• WORK REQUEST: Quote all of the data that follows exactly as written, skipping the images.

• THE DATA:

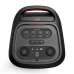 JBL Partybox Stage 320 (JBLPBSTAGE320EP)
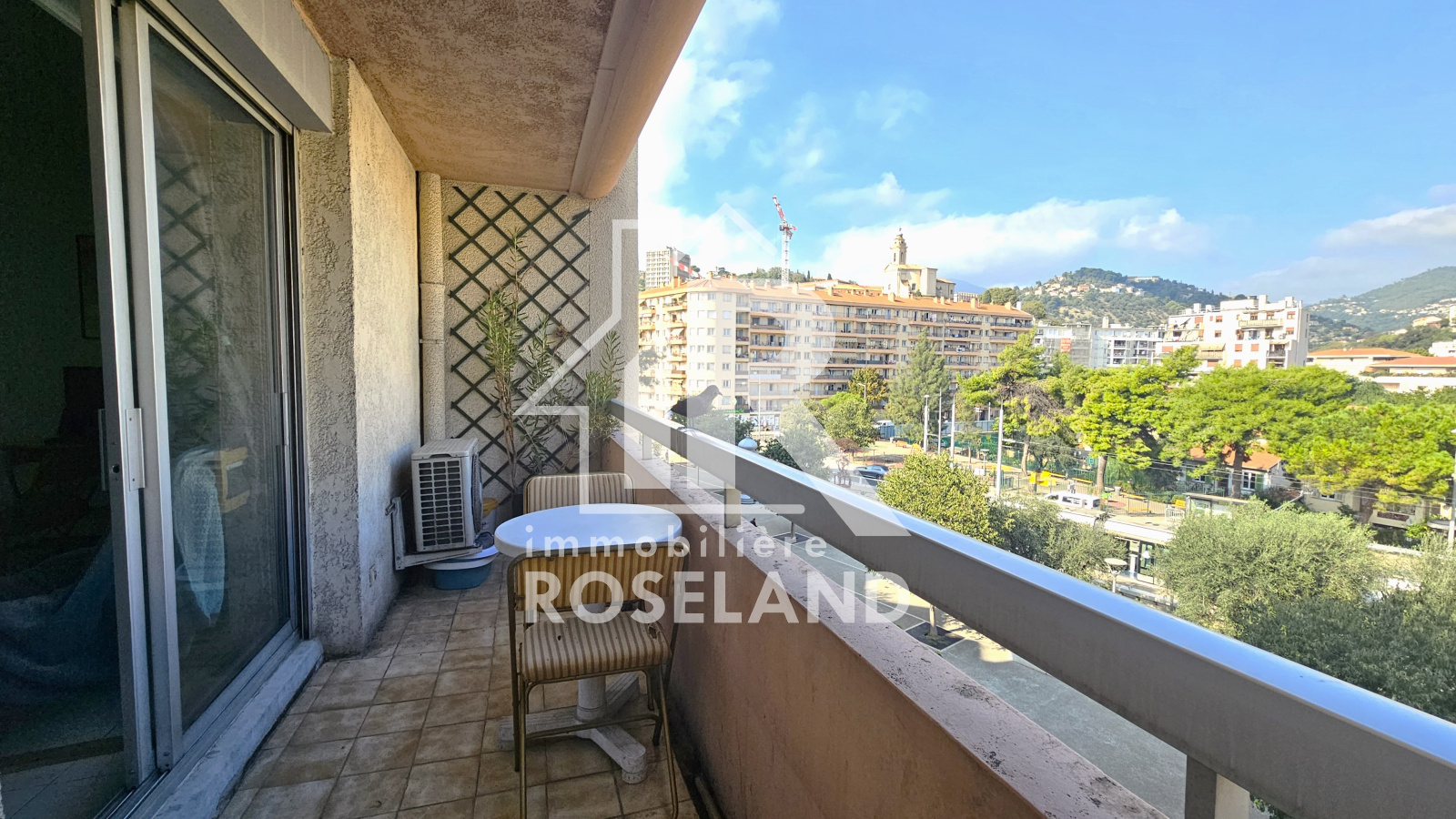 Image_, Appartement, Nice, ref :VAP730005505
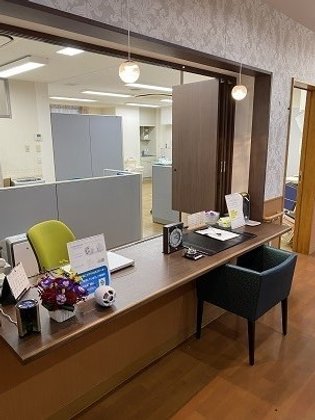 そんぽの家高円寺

• TASK OUTPUT:
 JBL Partybox Stage 320 (JBLPBSTAGE320EP)
 Image_, Appartement, Nice, ref :VAP730005505
 そんぽの家高円寺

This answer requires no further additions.